WHAT IS REQUIRED
Return exactly the lines from the "Hochgeladen am 24.02.2025" line through the last line of the entries below. Include no pictures.
══ SUPPLIED DATA
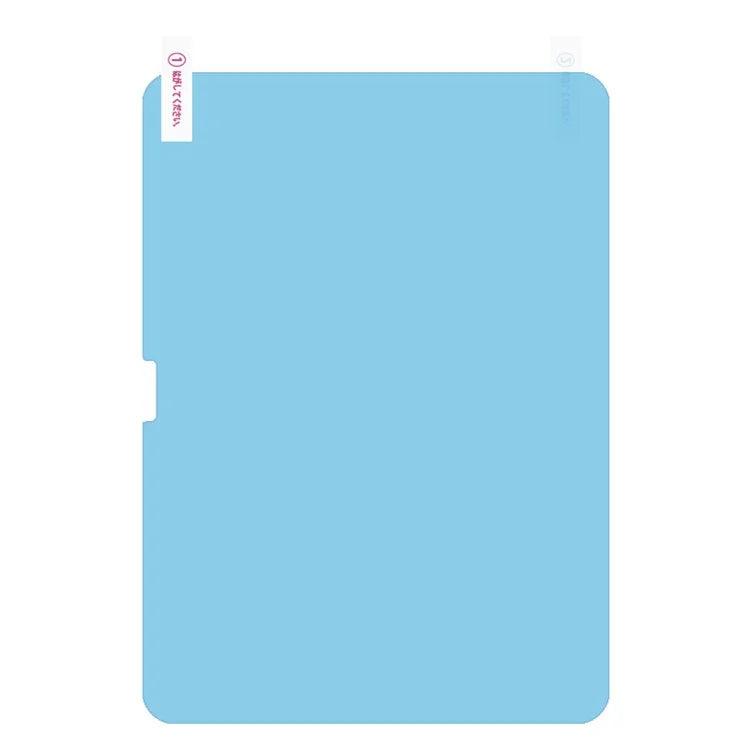 RURIHAI Foripad Air 11 (2024) Screen Protector 0.18mm Kent Paper Writing Painting Tablet Film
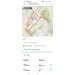 Hochgeladen am 24.02.2025 00:00:00Архипова Оксана 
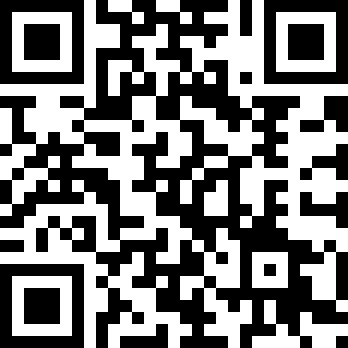 逆神(无限制刷充)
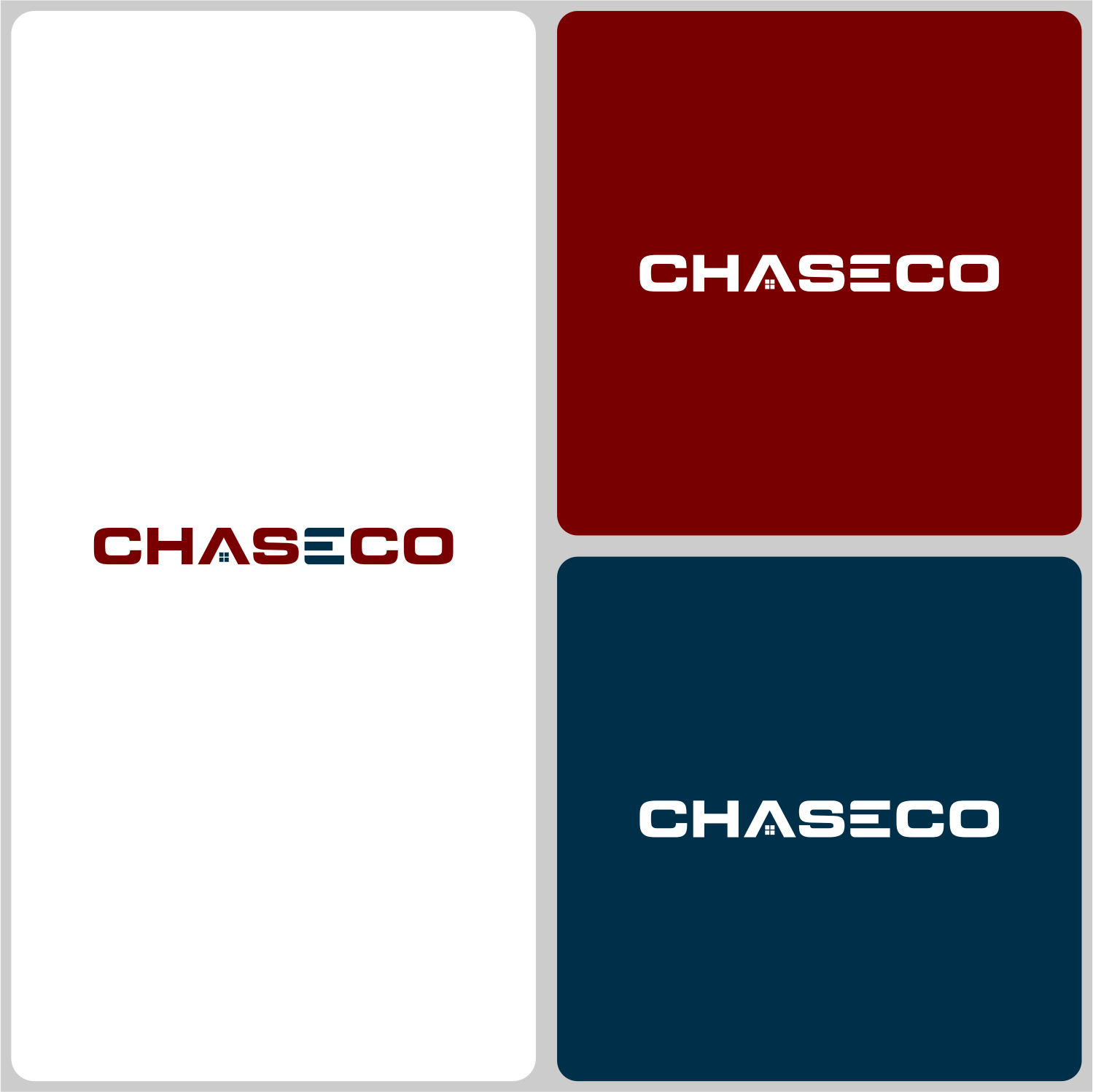 Logo Design by normi for this project | Design #36660247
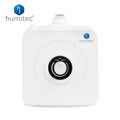 Humitec&reg; Humidifier -  Sein&auml; ilmankostutin 4L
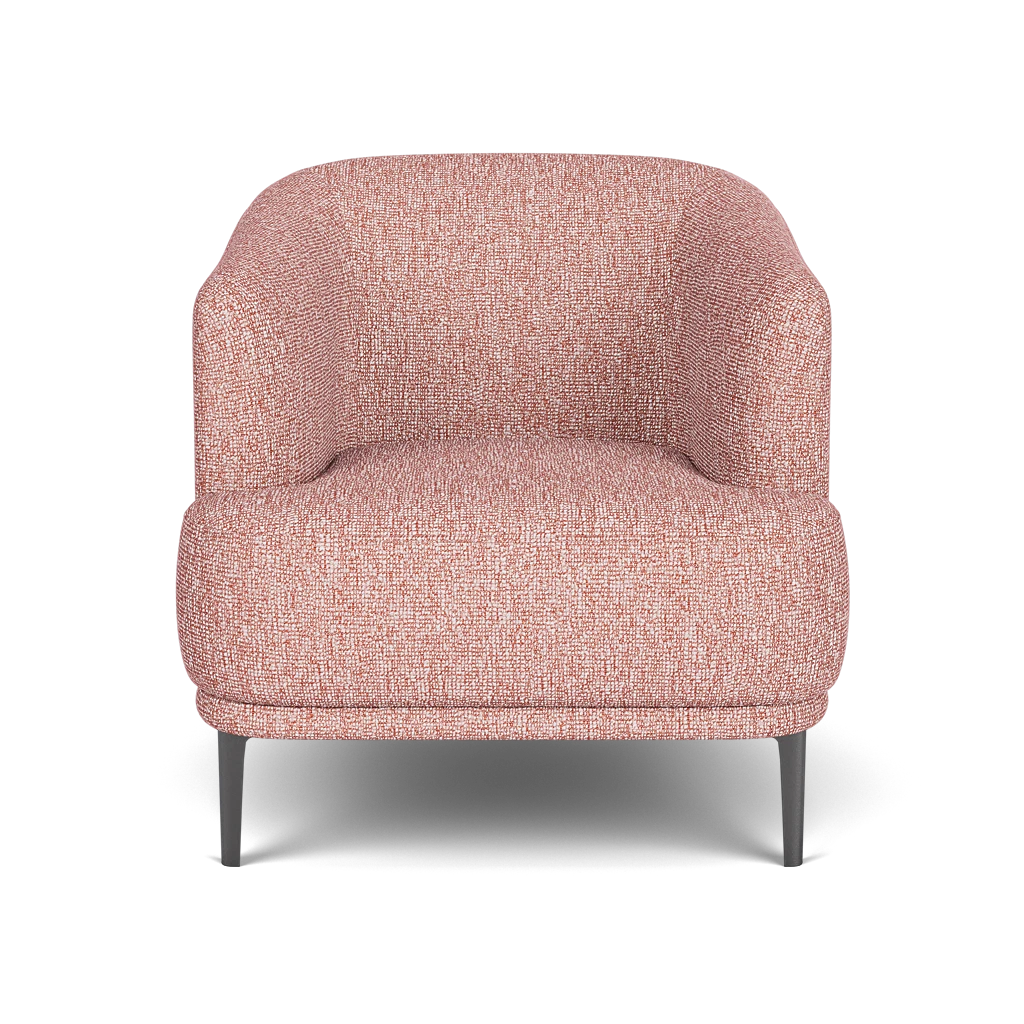 Fauteuil Sena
════
ANSWER TO THIS TASK
 Hochgeladen am 24.02.2025 00:00:00Архипова Оксана 
 逆神(无限制刷充)
 Logo Design by normi for this project | Design #36660247
 Humitec&reg; Humidifier -  Sein&auml; ilmankostutin 4L
 Fauteuil Sena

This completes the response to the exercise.